▶ STORED DATA:

>>

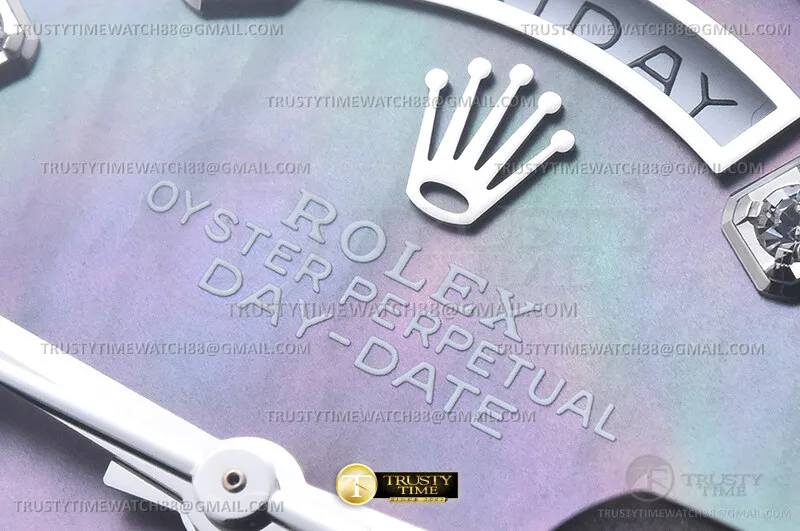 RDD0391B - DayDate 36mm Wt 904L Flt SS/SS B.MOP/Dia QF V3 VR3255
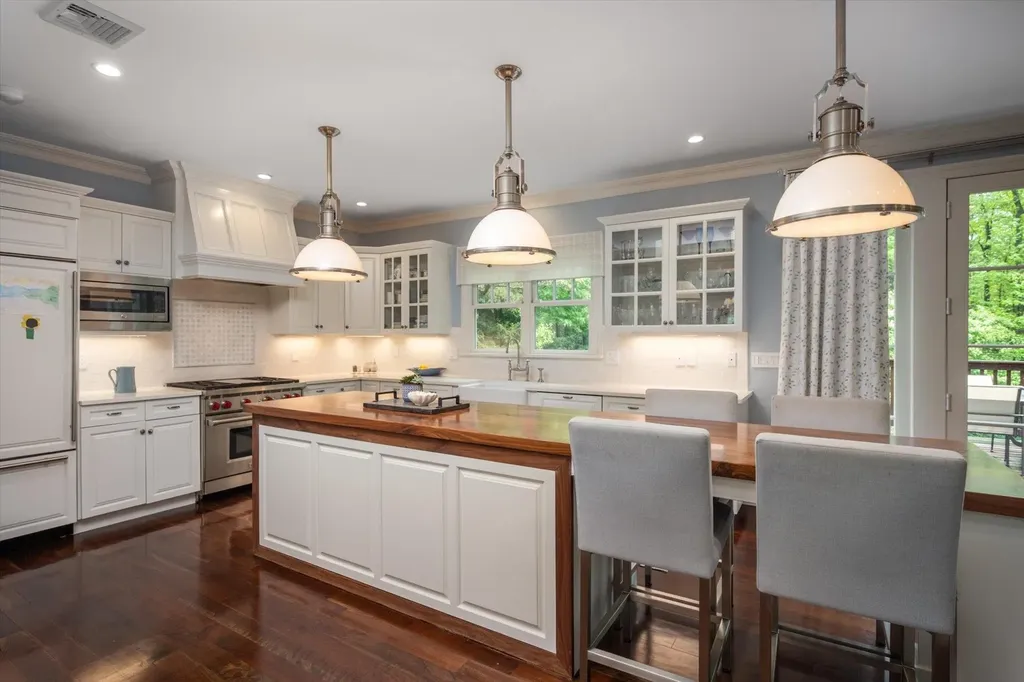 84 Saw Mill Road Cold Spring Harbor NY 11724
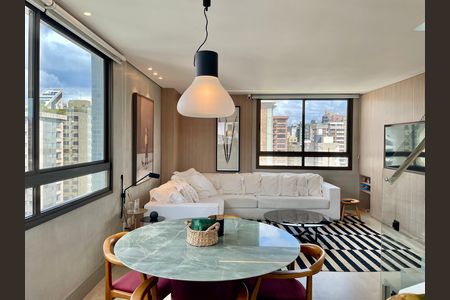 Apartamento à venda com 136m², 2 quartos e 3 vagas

<<

▶ DESCRIPTION OF THE TASK:
Reproduce the whole listing word for word, setting aside any pictures.

▶ WRITTEN ANSWER:
 RDD0391B - DayDate 36mm Wt 904L Flt SS/SS B.MOP/Dia QF V3 VR3255
 84 Saw Mill Road Cold Spring Harbor NY 11724
 Apartamento à venda com 136m², 2 quartos e 3 vagas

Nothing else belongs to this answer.